Monday, June 16, 2025

Red Beds

 

You wouldn’t think much of them, not at first glance. The hills outside Foss are low and quiet, rust-colored humps under an open sky. They rise gently from the plains like the backs of sleeping bison, blending so easily into the landscape that you'd be forgiven for driving past without a second look. But that would be a mistake. These hills are far older than they seem—more ancient than the plains they sit upon, older even than the dinosaurs that once roamed their slopes. Their dusty red hides, worn by wind and rain, tell a story 280 million years in the making.

The Red Beds of western Oklahoma are a geologic time capsule from the Permian Period. Back then, before birds or flowers or mammals, this region lay near the equator—part of a vast inland basin in the heart of the supercontinent Pangaea. Shallow seas came and went, evaporating in the sun and leaving behind layers of salt and gypsum. The land swelled with river deltas, mudflats, and brackish marshes. Iron minerals oxidized in the tropical heat, staining the sediments red. And over millennia, those sediments hardened into rock.

Geologists call this particular set of formations the "El Reno Group," named after another Oklahoma town to the east. It includes the Cloud Chief Formation, which underlies much of the Foss area. These beds are composed of mudstone and shale, soft to the touch and easily eroded, which is why the hills are so rounded—like time has been using sandpaper.

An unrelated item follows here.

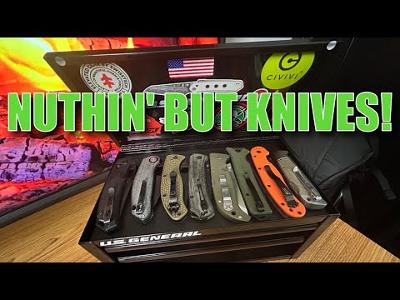 My Ultimate EDC Knife Collection | Every Day Carry Essentials!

The name "Red Beds" is more than poetic; it marks a major chapter in Earth's climatic history. The Permian was a time of drying continents and shifting ecosystems, a slow turn toward extinction. The red rocks capture a world in transition—where amphibians still lingered, but reptiles were rising. Trace fossils have been found in nearby outcrops, hinting at ancient creatures that left clawed footprints in soft mud that later fossilized. If you're lucky, and the light is just right, you can still see their paths.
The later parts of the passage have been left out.